Your biggest problem will be to prevent spoofing. What I might suggest is to allow a user 30 days to visit the web site to get a permanent key using a challenge/response method.
So here is the idea in general:
Your software has some numbers associated with it. These numbers have to somehow change with each copy, sort of like a product serial number.
Your customer's computer has some things you can look at. For instance, the serial number of the hard drive, the serial number of the CPU, or the serial number of Windows, all of which should be unique in some way or another. So you write some VBA code that, when you trigger it, provides the user with a bunch of numbers - the software product serial number and one or more of the other numbers above. Perhaps disguised in some way like scrambling digits or hashing before they are even published.
Your web site has a challenge/response page. You enter all of the numbers supplied by the little application on the user's computer. (You might have to do a web search for "hashing algorithms" and pick one.) Hash the user's responses using a formula known only to you. Reply to the user with the resultant hash value. The little app takes this number and does something to the user's registry. See help topics for SaveSetting and GetSetting for how to do this.
OK, here is the part that is tricky. You cannot distribute the source code for this registration app because that would let folks know what you are using. Binaries only for that app. But put the same computation in the app that your web page uses.
If your user registers, your web site remembers the combination of numbers for product serial number and whatever else you used. When your product starts on the user's computer, you try to retrieve the key you choose with GetSetting. You will have three possible cases:
1. No such key - you are in the 30-day trial period of an unregistered copy. It is up to you do to the date tests and decide what to do about that. Possibly test for a second registry entry that contains a date of first use. Always write a third entry that contains a date of LAST use plus a hash.
1.a No date of first use: Encode the date in clear text PLUS include a hashed variant of that date as a part of the same key. Save the key. Write the date of LAST use entry.
1.b Date of first use exists, hash is OK, "today" is within proper time limits, last use is earlier than today's date, hash is OK: Allow the use
1.c Date of first use exists, hash is OK, last use exists, hash is OK, date is outside of limits: Product trial period has expired. Here, be gentler than the next case, but refuse to run.
1.d Any of the following cases: (First use exists & hash is wrong; Last use exists & hash is wrong; Last use exists with good hash but today's date is earlier than last date; one of the two dates does not exist) - product registry data has been tampered. Barf all over the user.
2. Key exists and its value matches the computed hash - you have a registered product. Keep on truckin'
3. Key exists and its value does not match the computed hash - your user's configuration has changed. You cannot tell whether the problem is a hardware change or an attempt to pirate your software, but you know it ain't what it used to be.
Complain to the user that the product key (which, due to hashing, contained computer identification data) appears to be incorrect for the current environment, delete your old key settings, and advise the user they have 30 days to register correctly. Write the registry entries for date of first use and date of last use as though this was an initial install.
If you take this approach, it is incumbent on you to notify the user during initial installation that the product has a strictly enforced expiration policy if you don't register it AND that the policy is bound to some unspecific characteristics of the computer running the app. Further explain that changing out a hard drive, CPU chip, or certain other things will possibly require product re-registration.
Now, on the web site, when a registration combination is entered, you can test for duplication of product identification key with different machine identifiers.
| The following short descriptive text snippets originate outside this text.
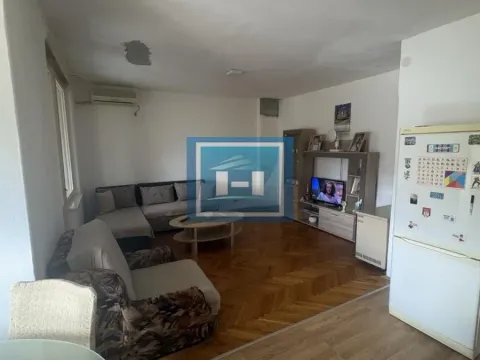 Prodaja, jednosoban stan, 50m², Centar, Jagodina - image 1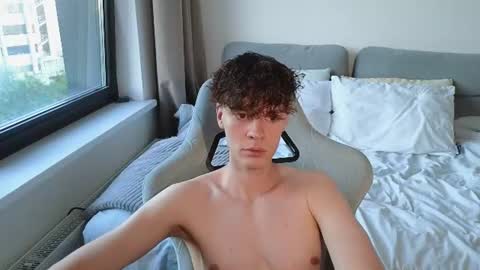 Snapshot of cute_thomas chatting on 16, 6, 2026 Thomas - online show from 16, 6, 2026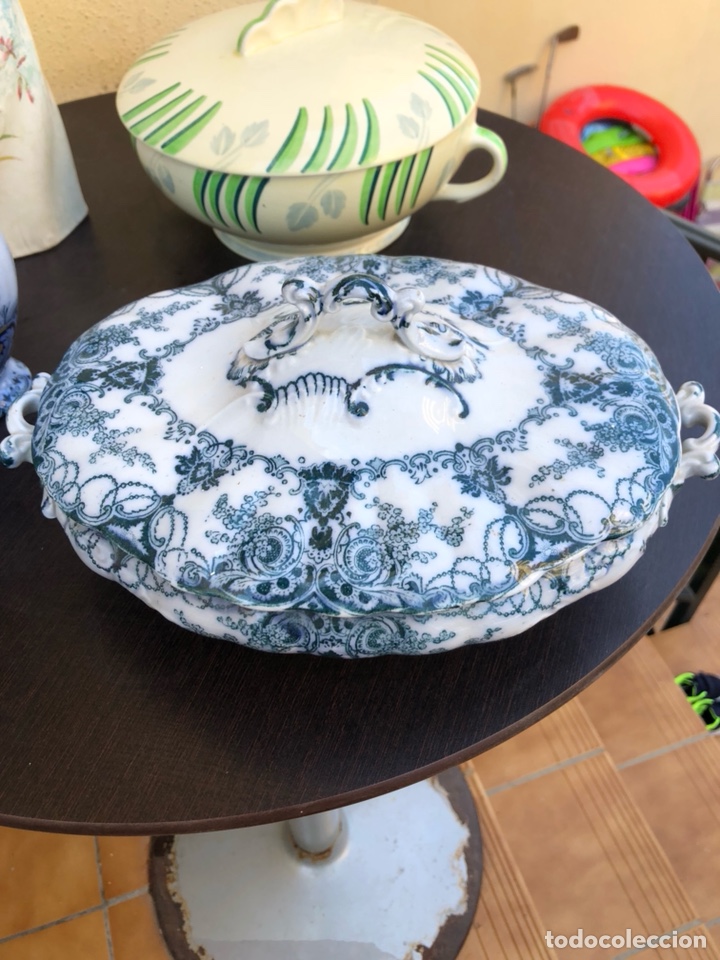 Antig&uuml;edades: Lote de piezas de porcelana - Foto 2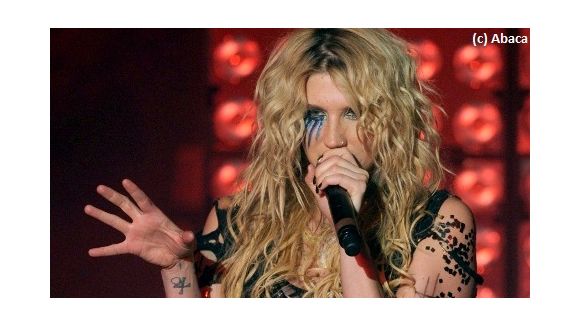 Kesha ... Elle pardonne les insultes de Rihanna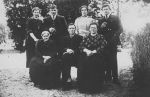 Boere Neeltje 1846-1919 met gedeelte van haar gezin.jpg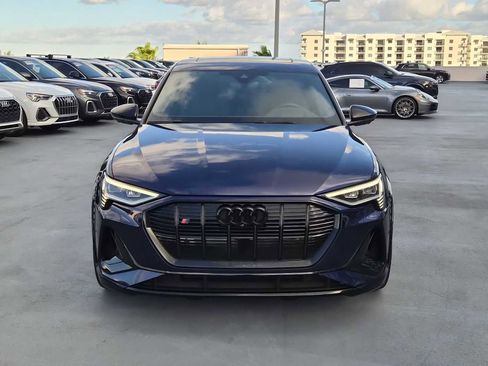 Certified 2022 Audi e-tron S Prestige w/ Prestige Package image 9
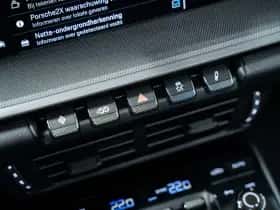 Porsche 911 (2024) thumbnail 41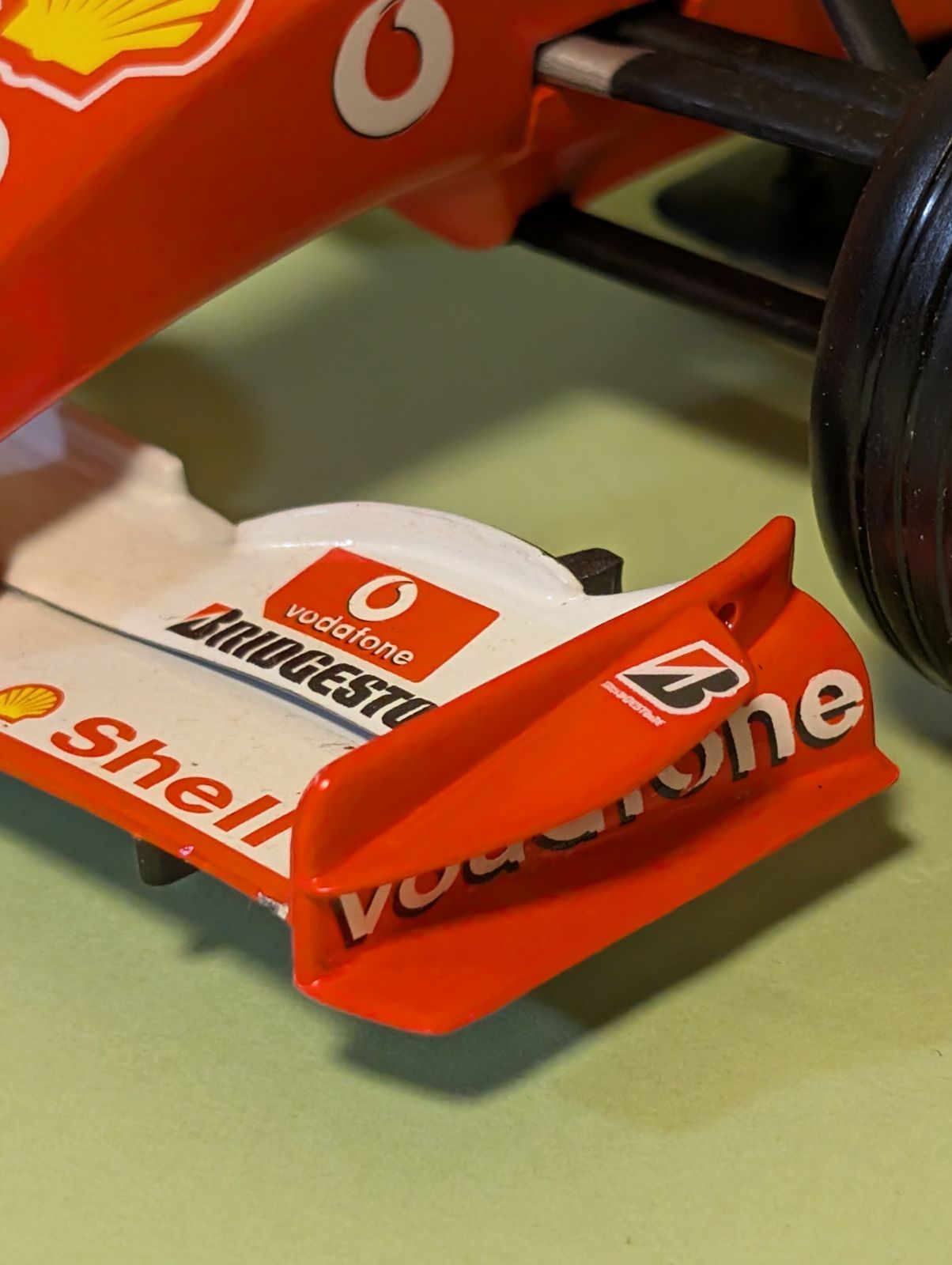 2002年序盤戦限定マシン 1/18 マテル フェラーリF2001 2002年モデル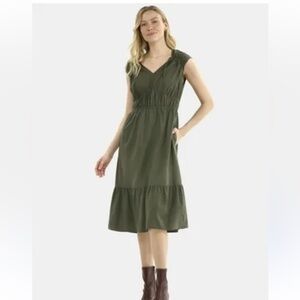 Time and Tru Olive V‑Neck Cap Sleeve Midi Dress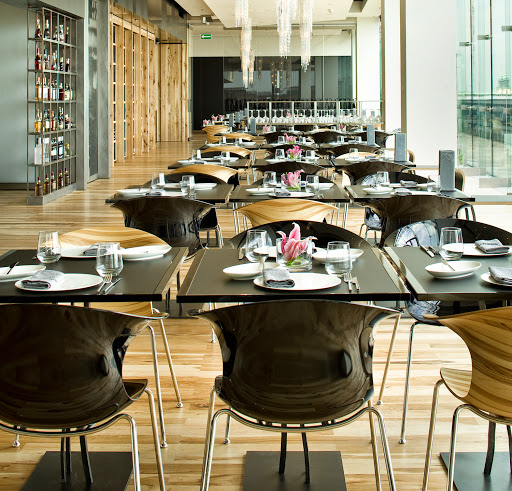 Concept 13 Restaurant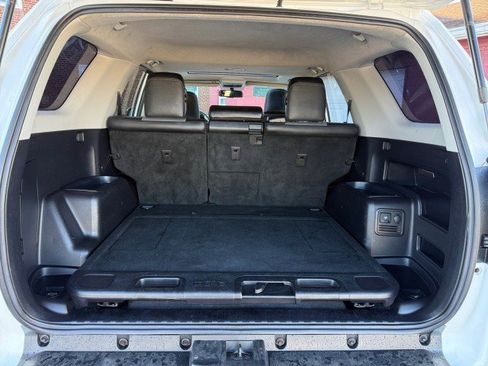 Used 2017 Toyota 4Runner SR5 Premium image 16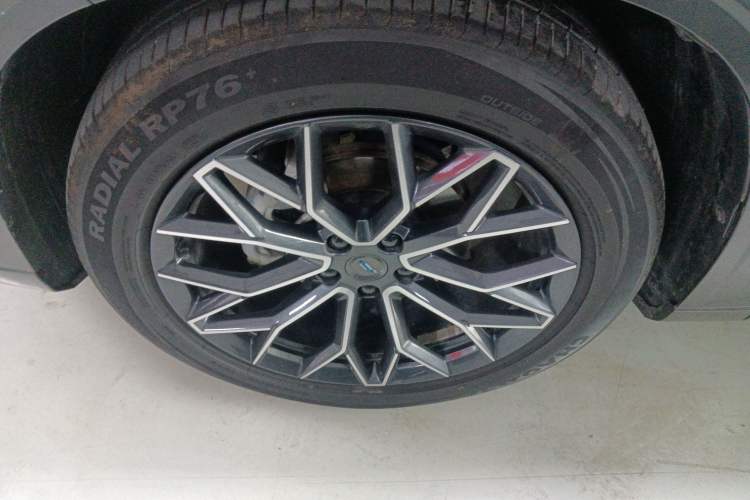 Used CHANGAN OSHAN Z6 New Energy 2023 ZhiDian iDD 150KM Flagship PLUS Left Front Wheel Hub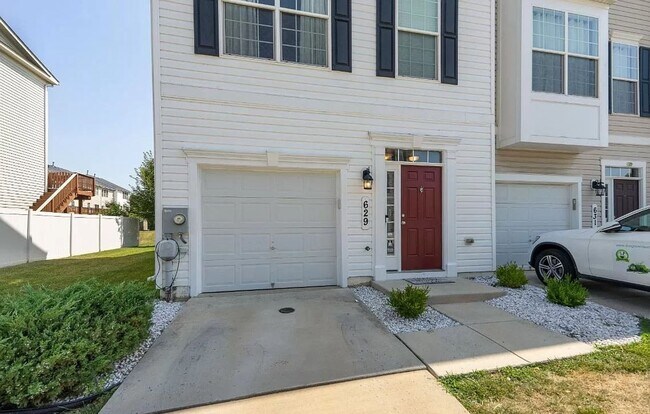 Building Photo - 3 level End Unit townhouse w/bump out in B...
If a person tries to register a key that has been used already and the system identification information doesn't match, advise the user of a phone number to call in order to get the previous registration deleted. Of course, you will write down a lot of information about the owner when such a call comes in, because that person is now suspected of being a pirate.
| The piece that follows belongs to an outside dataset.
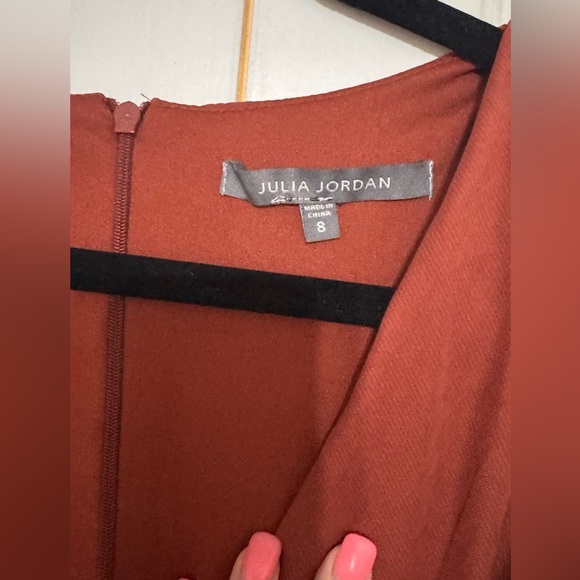 Julia Jordan Flutter Sleeve Twist Front V Neck Sheath Dress in Rust - Picture 5 of 8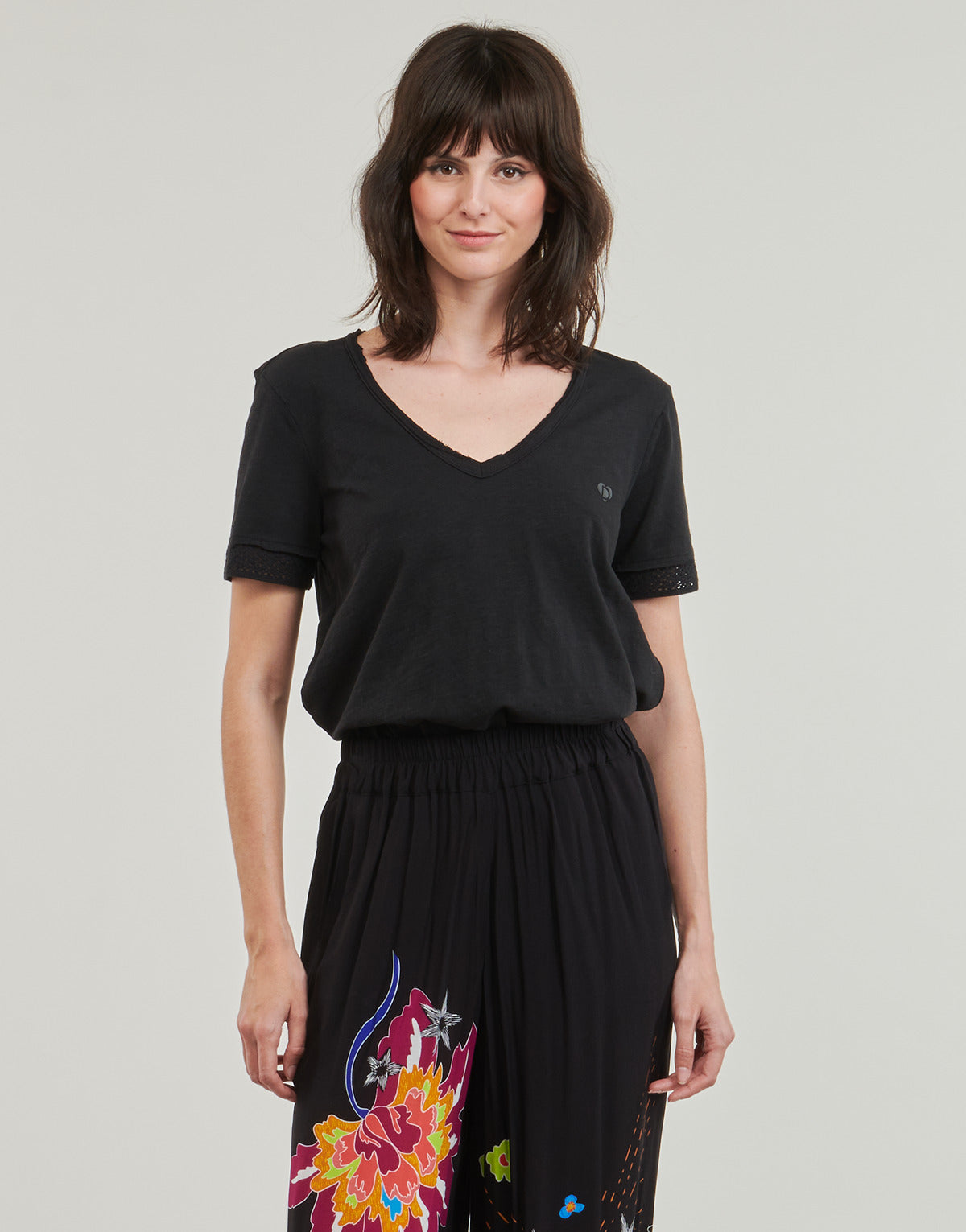 T-shirt Donna Desigual  TS_DAMASCO  Nero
And here is the final secret: The reason a person is involved is because you cannot trust the computer to forever get it right. At some point you want a human hand in the process when you suspect a breach of trust. Because, you see, trust is always and ultimately based on human judgement.
ALL TRUST MODELS start with the concept of "Does the system administrator trust client XYZ" as a basic question for security setup for all new systems. That is not (or should not be) an automatic decision the first time.